Twelve years after an ostensibly definitive ban, the regime of Bashar al-Assad has re-entered the diplomatic fold, and is back at the forefront of regional developments. Tehran, the once sworn enemy of the Arab countries that had previously unified them around the concept of a “new Middle East,” is back at the negotiating table.
Lebanon expects to reap the benefits of a “technical” maritime agreement on its southern border. Damascus has won the battle. The Saudis are preparing to withdraw from Yemen.
The situation appears to be shifting toward “pragmatism.”
Even the Hezbollah and Amal-endorsed presidential candidate, Sleiman Frangieh, has managed to present himself as a “pragmatic” choice, despite Washington’s reluctance and Riyadh’s reservations, as well as a large majority of Christian MPs’ categorical refusal to support his candidacy.
After a decade of turmoil, diplomatic efforts seem to lean toward appeasement, which, far from being a substitute for violence, appears to enshrine the law of the strongest.
In the region, compromise is tantamount to recognition of power. This is one of the lessons of the infamous May 7, 2008, events.

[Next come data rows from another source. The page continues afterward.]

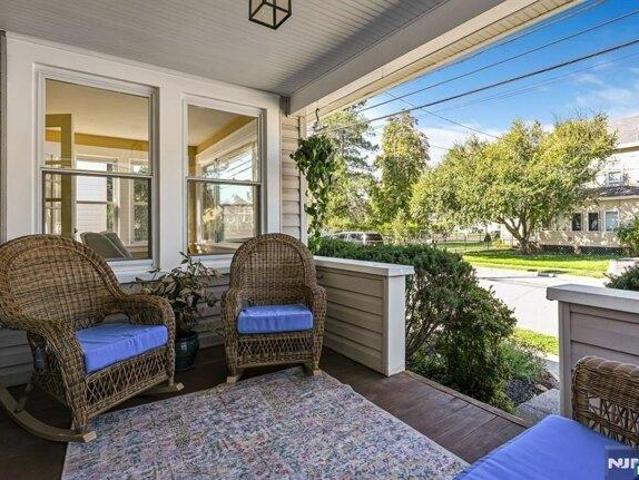 House for sale in Midland Park, New Jersey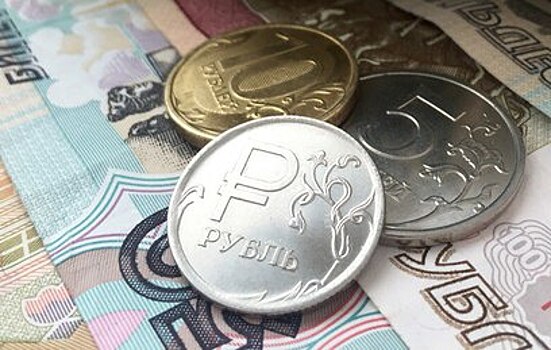 Работодателей предложили штрафовать за отказ переводить зарплату в другой банк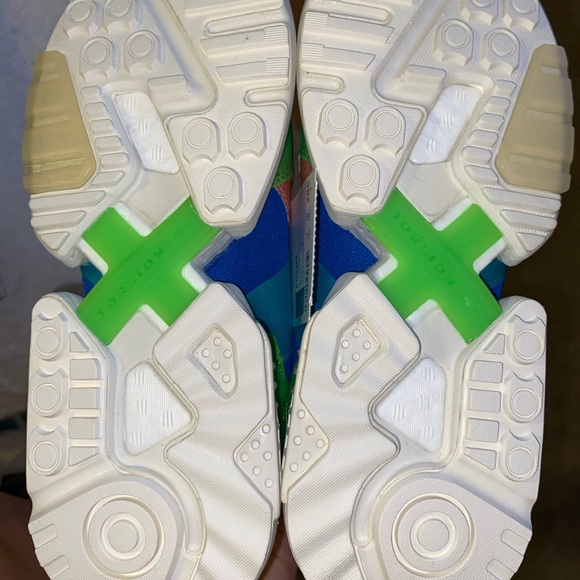 🆕🚹Adidas ZX Torsion Parley, 10.5, NOT SOLD IN US - Picture 6 of 12
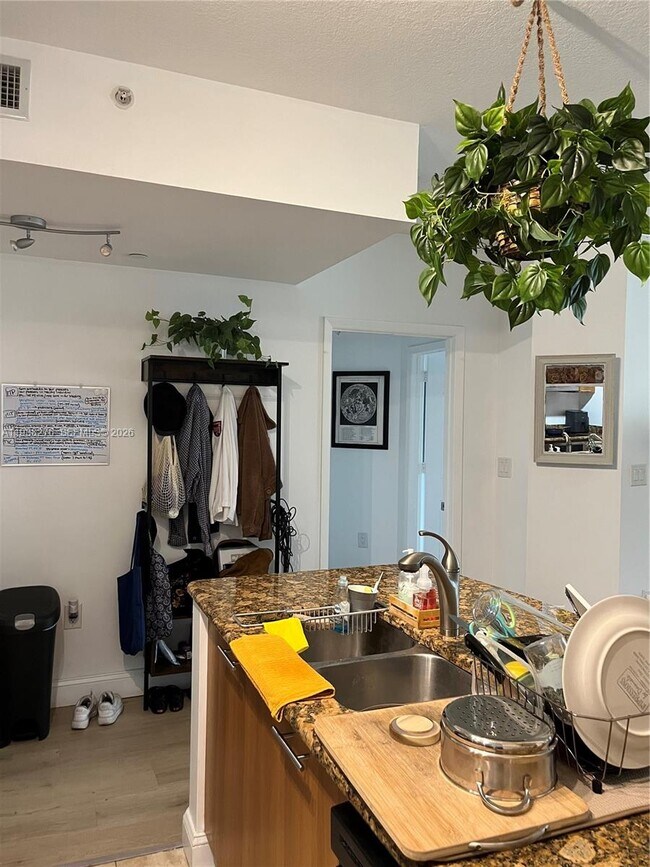 Foto del edificio - 510 NW 84th Ave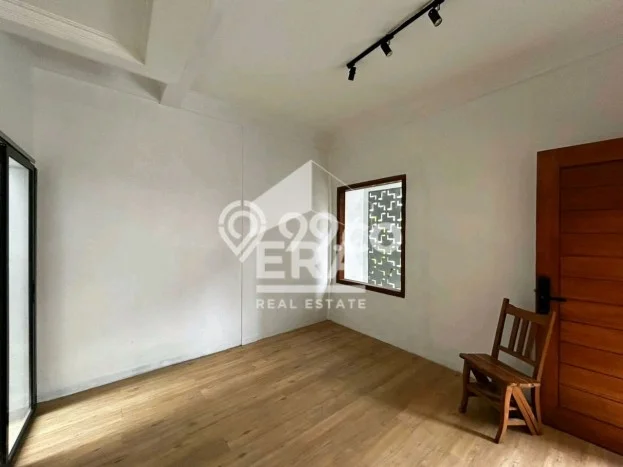 Jual Rumah Bagus Siap Huni LB 200m2 di Ciputat, Tangerang Selatan Jual Rumah Bagus Siap Huni LB 200m2 di Ciputat, Tangerang Selatan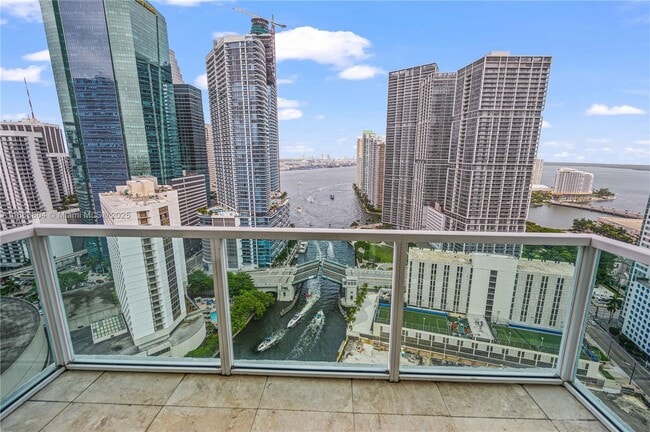 Photo - 31 SE 5th St Condo Unit 3414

Fifteen years have passed since Hezbollah took over the western parts of the Lebanese capital and tried to impose itself by force in the Chouf area.
Hezbollah sought to strongarm the government of then-Prime Minister Fouad Siniora to backtrack on a plan to dismantle its telecoms network and to sack the head of security at the Beirut airport, who was reputedly close to the party.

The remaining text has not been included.